Did you know that you can read the scripts for select episodes of Game of Thrones on the Emmys website? You can. We’ve previously examined the scripts for season 6’s “Battle of the Bastards” and season 5’s “Mother’s Mercy” to see how they changed in the transition from page to screen. This week, we take a look at the script for the season 4 finale, “The Children,” written by showrunners David Benioff and Dan Weiss.
We start with Jon Snow’s lonely walk across the battleground north of the Wall to meet Mance Rayder. In the script, Jon views more bodies than on screen. Also, the giant that was impaled by the Night’s Watch ballista is appropriately named Dongo the Doomed. Interestingly enough, the forest fire started by Mance Rayder in the previous episode is still burning in the script.
After being escorted through the wildling camp, Jon enters Mance’s tent, which in the script is guarded by a ring of wildling chieftains. The script describes them as each being more distinct than the last, calling their uniqueness “stunning.” On screen, the chieftains are more uniform.
Once in the tent, Jon and Mance toast Ygritte, and we get some of Benioff and Weiss’ NSFW humor.
They drink.

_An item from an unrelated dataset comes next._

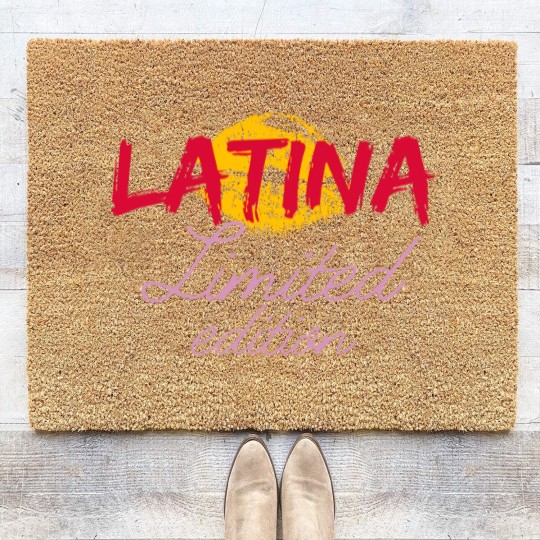 Discover Latina  hispanic pride - Latina - Coir Doormats
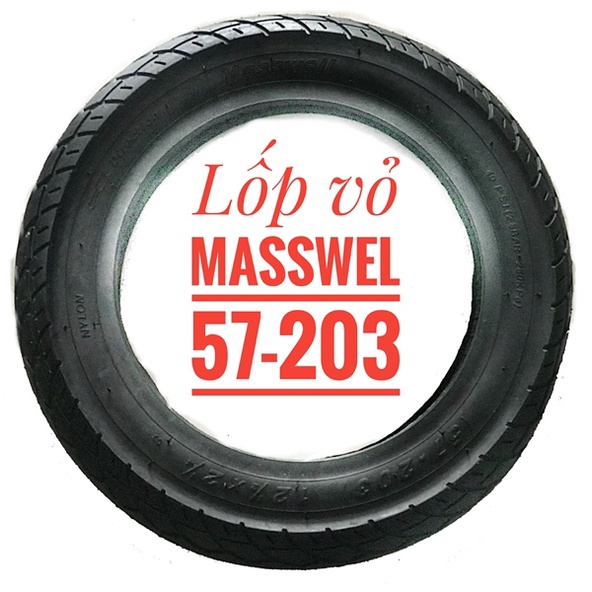 Bộ 2 Lốp xe đạp điện MASSWELL 12^1/2X2^1/4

Jon cannot hide the fact that fermented milk tastes like day-old cock cheese. Mance laughs at his wincing and coughing.
Kit Harington certainly acted the scene accordingly, although I wish I’d never read it. Jon and Mance’s conversation is largely the same, although Mance does add that he’ll stop the “raids” and “killing” if Jon lets the wildlings through the Wall.
Then comes Stannis. The script notes that Stannis’ forces are initially concealed by fog, that we hear them rather than see them, but on screen we see them as clear as day.
The battle is also a little different — in the script, Stannis leads a charge against Mance on screen, and many of the chieftains defending Mance are killed by Stannis’ honor guard before Mance signals for surrender. On the page, Jon is held at knife point by a chieftain, before being released as Stannis approaches. The lone wildling who charges Stannis only to be knocked on his ass by a calvary man is not in the script.
The rest of the scene remains the same, and we’re off to King’s Landing. Qyburn’s work on a dying Ser Gregor Clegane is identical to how it is on the page. Then there’s a confrontation between Cersei and Tywin, where she tells him about her incestuous relationship with Jaime. The moment Cersei threatens Tywin with revealing the truth is described as ” the most tense moment of her very tense life with her father.”
Next we’re off to Meereen, where Missandei is in Daenerys’ throne room and addressing an old man — the one who wants to be sold back into slavery — in Valyrian. You might think the script just says “Missandei speaks Valyrian,” but you would be wrong, but the actual Valyrian dialogue is on page. The biggest difference in this scene is that Grey Worm and Barristan help the old man up the stairs. The remaining scenes in Meereen — Dany being presented with the bones of a child, discussing what to do about it, and locking up her dragons — are the same.
Back to the Wall we go, for a mass funeral. Baratheon troops are noted to be in Castle Black, but not the courtyard itself. Yet on screen, the troops stand in the courtyard alongside the members of the Night’s Watch. Interestingly enough, Janos Slynt refuses to help bear the torch used to burn the dead Night’s Watchmen in the script — on screen, it’s barely noticeable. The script also notes Queen Selyse’s “grim fascination” with the ritual, and Shireen’s feet dangling over a railing as she watches.
Jon’s conversation with Tormund regarding Ygritte has a few differences. Most notably, there are more men chained in the room with Tormund. No Thenns, though, because as the script notes, “Thenns don’t get captured alive.”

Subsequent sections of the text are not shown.